Ordinary Least Squares#

Single marker linear regression measures how well a genetic variant “aligns” with a trait by projecting the trait values onto the variant’s genotype direction.

Graphical Summary#

Fig

Key Formula#

In the single marker linear regression

\[ \mathbf{Y} = \mathbf{X} \beta + \boldsymbol{\epsilon} \]
  • \(\mathbf{Y}\) is the \(N \times 1\) vector of trait values for \(N\) individuals

  • \(\mathbf{X}\) is the \(N \times 1\) vector of the genotype vector for a single variant across \(N\) individuals

  • \(\beta\) is the scalar representing the effect size for the variant (to be estimated)

  • \(\epsilon\) is the \(N \times 1\) vector of error terms for \(N\) individuals and \(\epsilon \sim N(0, \sigma^2)\)

Using ordinary least squares (OLS), we can derive the estimators for \(\beta\) in matrix form:

\[ \hat{\beta}_{\text{OLS}} = (\mathbf{X}^T\mathbf{X})^{-1}\mathbf{X}^T\mathbf{Y} \]

Technical Details#

Genomic Intuition#

The OLS estimator has a beautiful geometric interpretation that makes intuitive sense in genomics. At its core, OLS is measuring how much two vectors align in the same direction through their inner product.

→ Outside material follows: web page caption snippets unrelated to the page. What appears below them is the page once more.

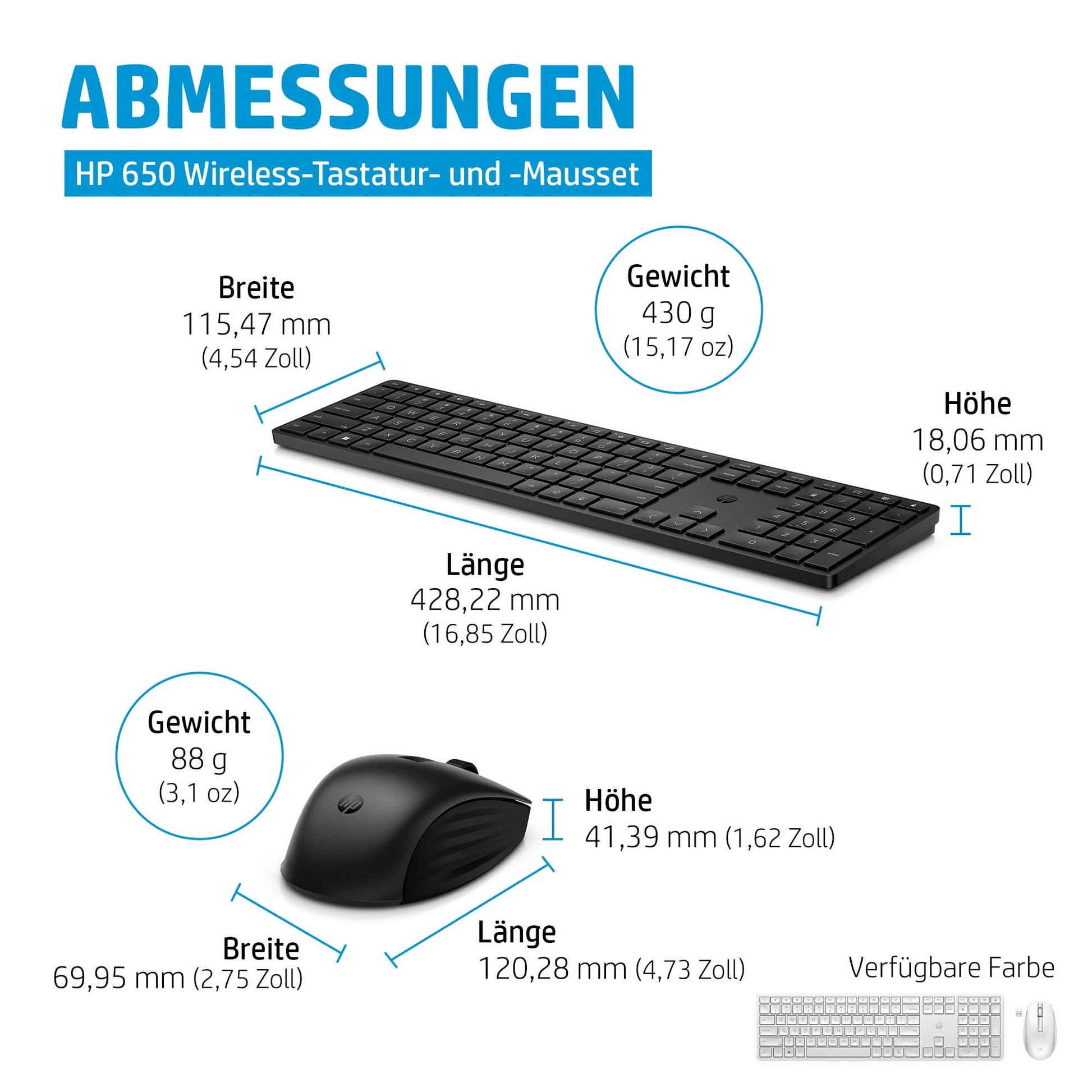 HP 650 – Tastatur-Maus-Set – 100% – Membran – 2,4 GHz – Schwarz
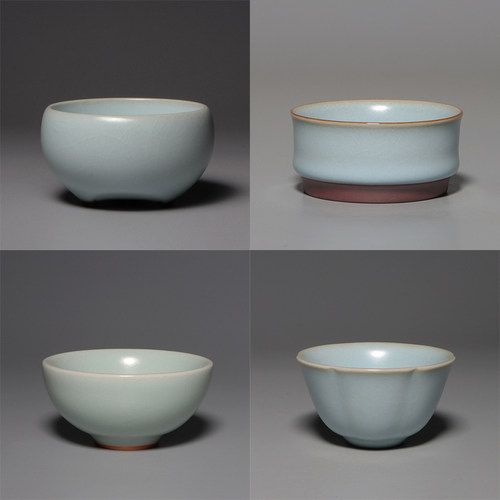 台湾三希汝窑天青斗笠杯张书曜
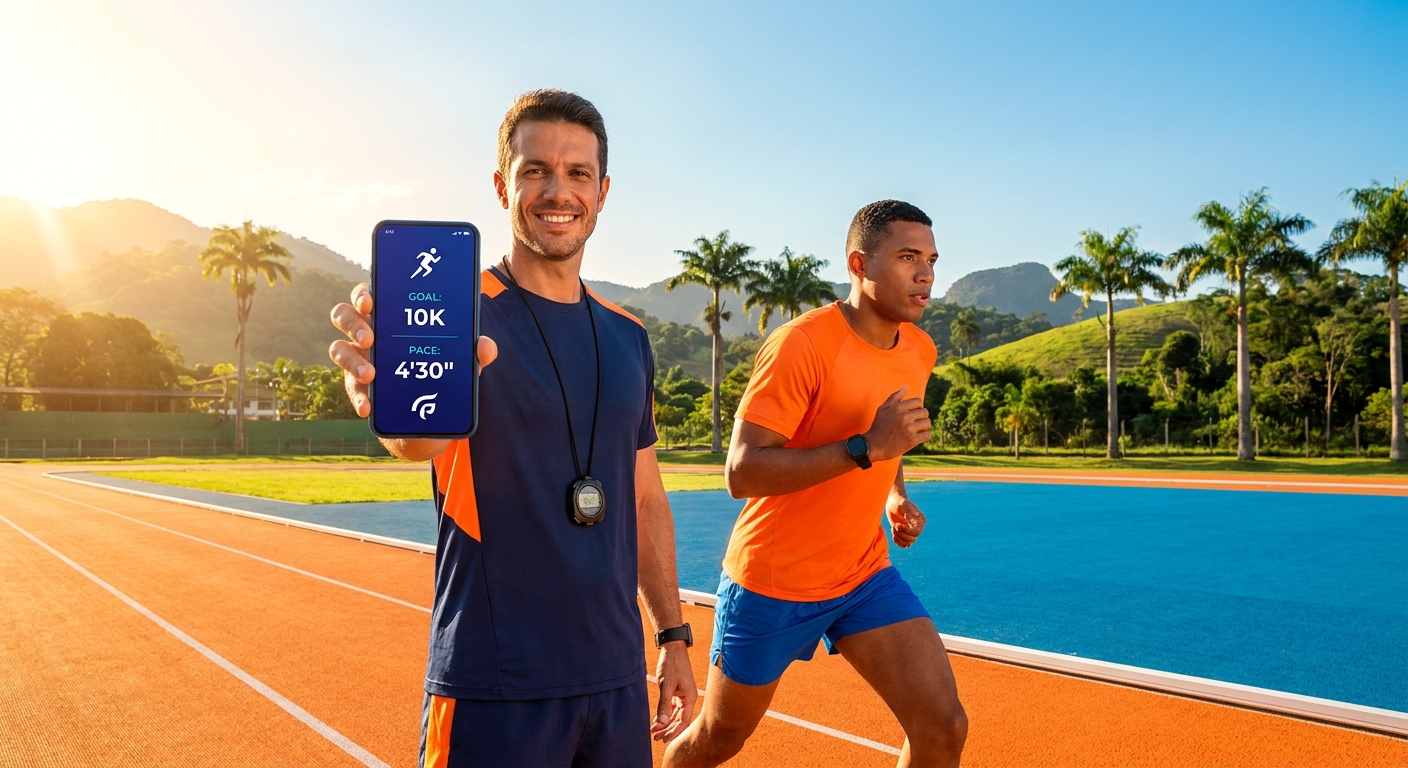Coach de corrida usando app Millbody para acompanhar aluno durante treino ao ar livre
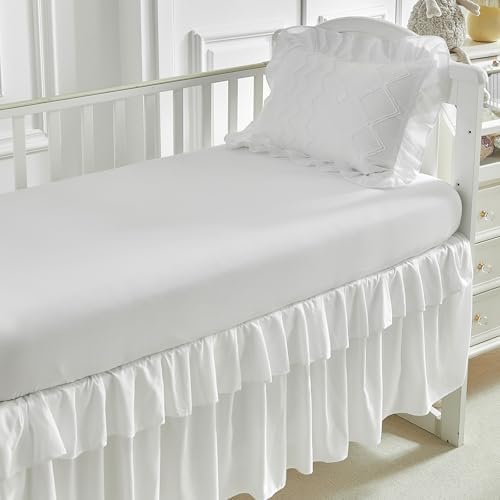 AIKASY Ruffled Shabby Crib Bedding Set for Girls 1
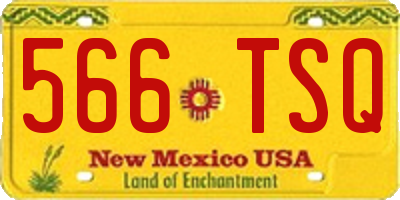 NM license plate 566TSQ
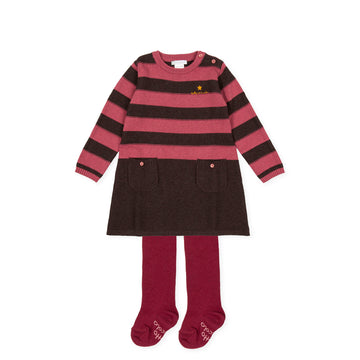 Tutto Piccolo 9224 Vestido Tricot Knitted Dress - Carmine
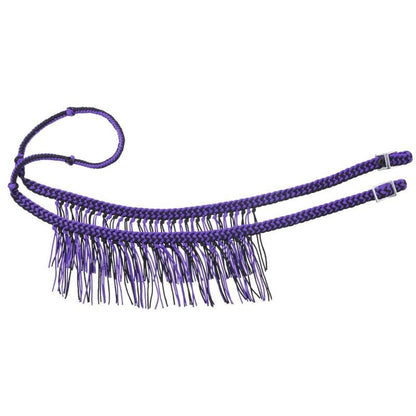 Tough1 Mini Knot Competition Rein With Fringe Brn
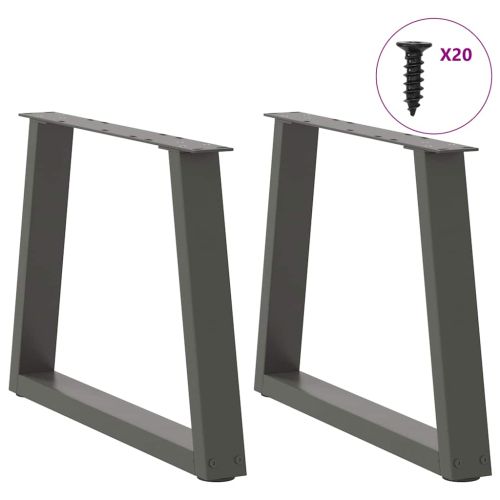 Крака за масичка за кафе, V-образна, 2 бр., антрацит, 50x(42-43,3) см, стомана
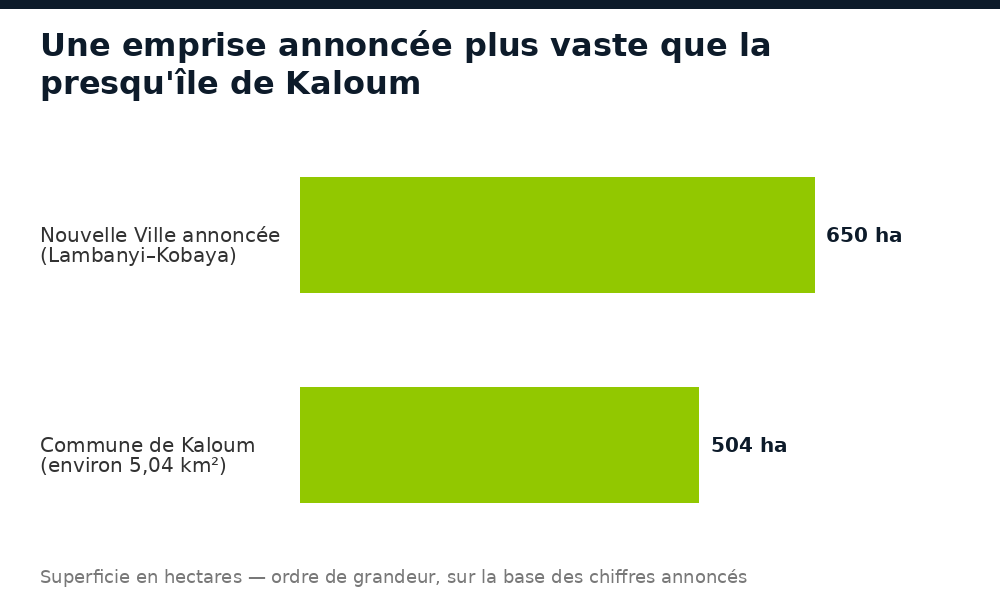 Comparaison de superficie : 650 hectares annoncés pour la Nouvelle Ville contre environ 504 hectares pour Kaloum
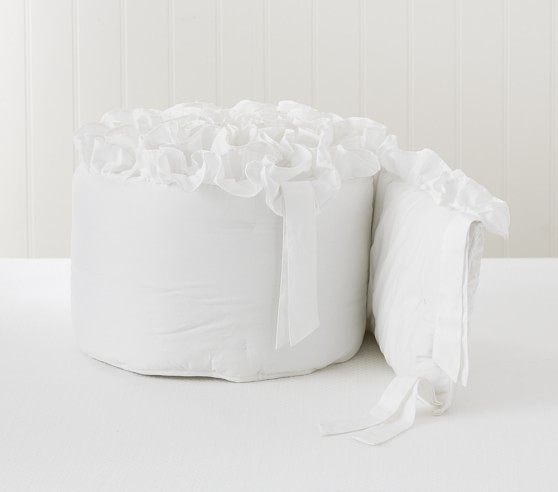 white ruffle crib bumper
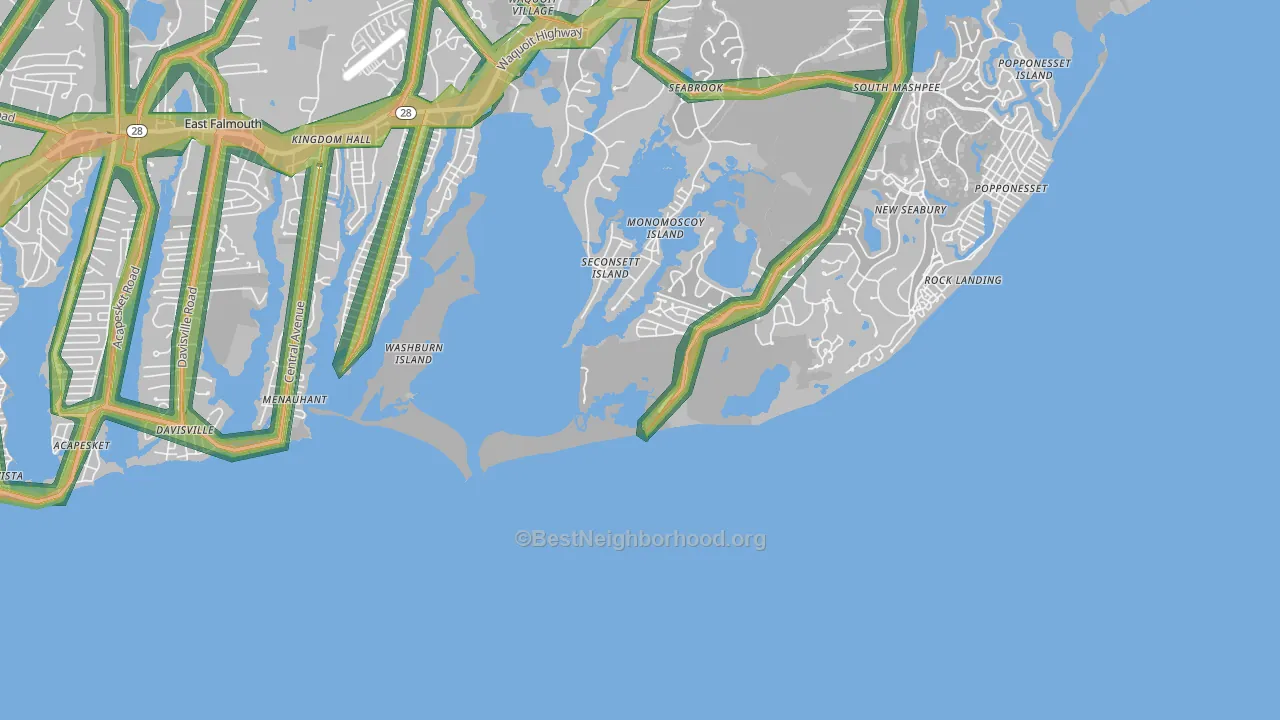 Menauhant, MA Map of Noise Levels in Menauhant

The Inner Product \(\mathbf{X}^T\mathbf{Y}\): This measures the projection of the phenotype vector \(\mathbf{Y}\) onto the genotype vector \(\mathbf{X}\). In genomic terms, it captures how much the phenotype and genotype “move together” - when genotype values are high, are phenotype values also high? The inner product quantifies this concordance. OLS will give you the linear combination of genotypes such that the combined genotypes aligns closest to \(\mathbf{Y}\) that’d be the \(\mathbf{X}^T\mathbf{Y}\) part.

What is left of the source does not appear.